3 hard lessons learned during the ICSW/Virtual webinar series

Organising our webinar series was a joy met with a few challenges like dealing with Internet trolls. Check out what difficult lessons we learned in the last months.

  1. Webinar overload and video call fatigue are challenging online engagements

We conceived the ICSW/Virtual webinar series last year, in a pre-COVID-19 world. People seemed to have a little bit more time and excitement for joining online events, and we knew that there was a strong interest in the topics we planned to cover. Then the pandemic happened and all human interactions moved online. The number of Zoom’s daily meeting participants grew from 10 million in December 2019 to 200 million in March 2020. The web also became flooded with webinars - webinar platforms reported hosting from 330% to 500% more webinars compared to last year. In the meantime, people started experiencing online and ‘video call fatigue.’

In March, we realised that we would have to compete harder for space, resources and attention to organise, promote and deliver our webinars. We had to reconsider our planned content because people had new worries and priorities. The pandemic had serious implications for civil society and we wanted to provide relevant information. We tried to adapt quickly and to keep the events relevant and engaging, considering that people are increasingly overwhelmed by webinars and are tired of being on video calls all day. But in the end, we had to accept that things like attendance or the time people could stay in our events could drop, and sometimes did. We are still learning how to adjust to these circumstances to keep providing valuable online engagements for civil society.

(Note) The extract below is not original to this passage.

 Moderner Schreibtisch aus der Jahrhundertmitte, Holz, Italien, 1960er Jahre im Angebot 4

  1. Prepare to avoid but also to face Internet trolls and Zoombombings

Our first ICSW/virtual webinar, ‘Supporting Youth-led Movements and Groups as Key Drivers of People Power,’ was very successful in attendance and engagement, but it was also the first time that we had to deal with an Internet troll. We were very aware of all the Zoombombings happening with the increased use of videoconferencing platforms due to the pandemic and we took precautions to avoid having our sessions hijacked. However, we kept the chat enabled to allow webinar participants to engage with comments during the conversation, and that is how the troll posted insulting comments directed to a speaker. We removed the troll immediately, but it was technically impossible to remove the comments.

Luckily, we did not have any security issues in our six remaining events. We became much more alert and are regularly improving our security practices to provide safe and inclusive spaces for conversation. But we know that there is always the risk of facing something similar and we must be prepared to deal with it. An interesting fact is that we considered disabling the chat during public webinars, but attendees request having this space to interact, share their name, post a comment (most of the time positive and enriching), and say thanks and goodbye. People crave some interaction; it gives online events a soul! We continue looking for ways to keep our online events safe without having to sacrifice human connection.

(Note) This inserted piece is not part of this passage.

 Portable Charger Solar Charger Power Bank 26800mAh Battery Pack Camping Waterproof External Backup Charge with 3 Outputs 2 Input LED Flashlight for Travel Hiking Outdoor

  1. We need to get better at hosting inclusive events

The CIVICUS alliance has 10,000 members from all around the world, who speak many languages and have different needs in terms of accessibility to content. During the ICSW/virtual series, we made sure to have speakers from several countries, contexts, ages, areas of work, etc. We promoted the events in English, French and Spanish (the three main languages spoken by our audiences), and provided simultaneous interpretation in these languages during the events – once we had eight interpreters! That took a great deal of coordination, effort and investment. But we acknowledge that we were not inclusive enough.

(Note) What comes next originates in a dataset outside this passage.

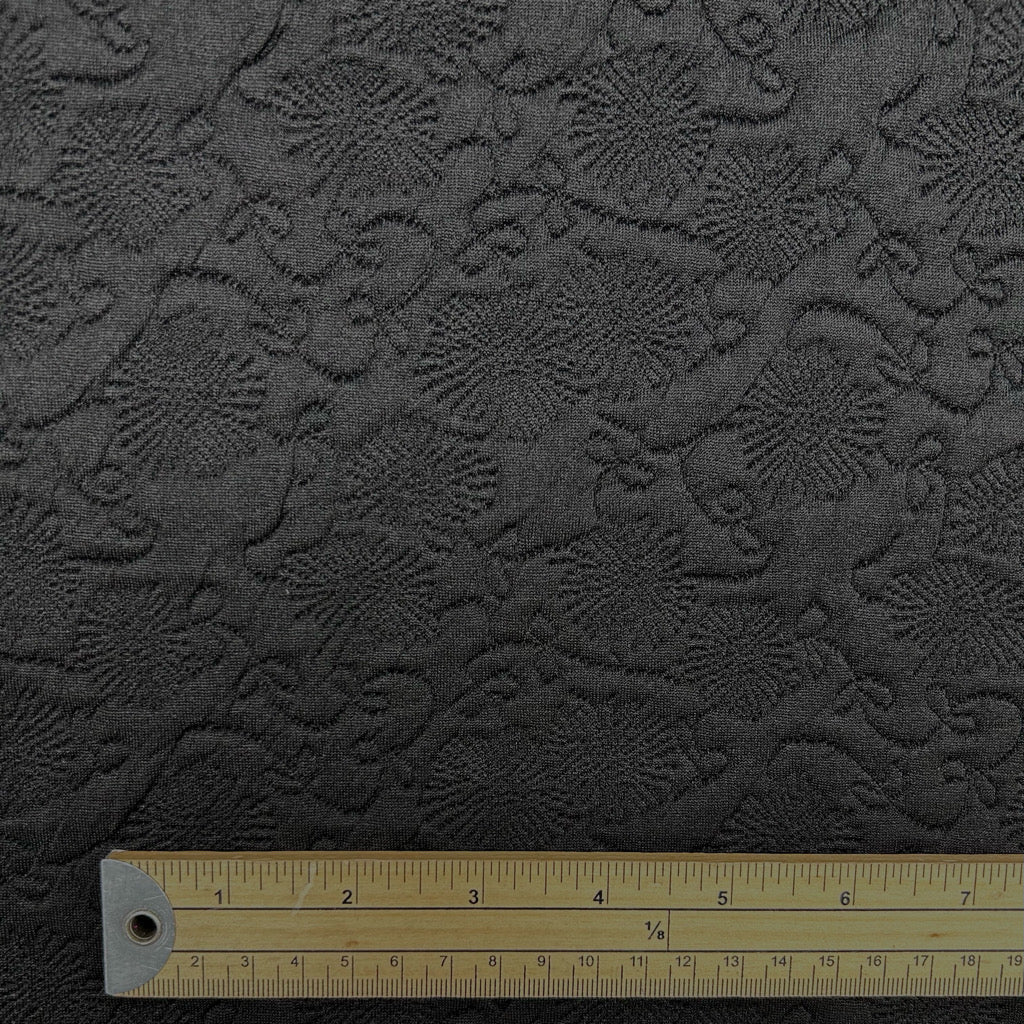 Black Floral Embossed Jersey Fabric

We know that a good number of people have limited access to the Internet and joining online events is not an option, or their attendee experience is not the best. We are aware that part of our target audience speaks other languages that we are not providing interpretation for or need captions or other supports that we were not able to provide. Sometimes our interpreters had technical issues and attendees could not hear them, or people joined from devices that did not allow them to access the interpretation feature. In a way, we learned that online events can’t be 100% inclusive, but we took notes and are committed to improving our strategies and practices to make sure that more people have quality access to online spaces and conversations.